So why do I still feel like I've failed and so disappointed in myself?

I spent the last 3 weeks at my parents house where I got no support... and actually I left last night due to being unable to emotionally handle being there any longer. (I have my own house but got a new job in my hometown and to help with the transition I was staying there with my kids). I will commute. I will have better and healthier foods again. I think I'm feeling so hurt with the lack of support because my brother just lost 85 lbs thru change in diet and exercise and they accommodated his diet by making healthy meals and gifting him a high quality treadmill. I assumed they would make healthy meals for me as well... no wait. I didn't assume. My mom told me she would help by making those healthy meals, but no...

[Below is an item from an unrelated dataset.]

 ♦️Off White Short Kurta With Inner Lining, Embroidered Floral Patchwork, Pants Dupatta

I would try to make something only I could eat since I wasn't interested in the cream based meals and a stick of butter in the sauce type stuff. Only to be confronted with mom tears and a good helping of guilt.

My clothes fit differently now so I had hoped that my Portion Control worked. It sort of did but not with results that I had hoped to have.

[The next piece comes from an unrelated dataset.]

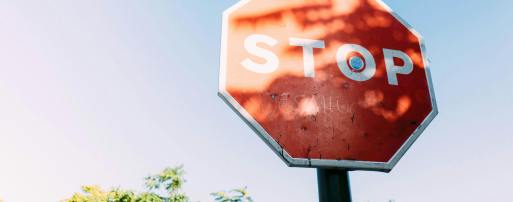 1321个账号被冻结！Listing上有这些图片的立即下架！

There so many emotions tied to my weight. My parents are relatively healthy... my brother and I were adopted and struggled with weight since our teen years.

My mom questioned my involvement with mayo and questioned if it is even necessary since I'm losing on my own now... then gasped when I told her my stats, which made me immediately feel defensive. I kept my composure but packed our things and left as soon as our discussion ended.

11pm my father calls to tell me how immature I am and how much of a disappointment I am. Forget that I am successful and fully employed as well as working 2 other part-time jobs not because we need the money, but because it's my passion. He also dug into my husband, who was diagnosed with cancer last June and underwent horrendous treatment, but he's a lazy pos in his eyes because he didn't (shocker) mow the lawn and put that responsibility on my 30-year-old-able-bodied-85-lbs-less-brother. I'm just hurt and shocked at my father reaching out to me to tell me to 1) be more insightful to know when my mother isn't meaning to criticize me 2) be more mature than my mother and handle her going off on me with grace and not to react and 3) accept the way she treats me and roll over and take it without changing the family gatherings because sweeping her crap under the table and acting like it didn't happen is easier on them.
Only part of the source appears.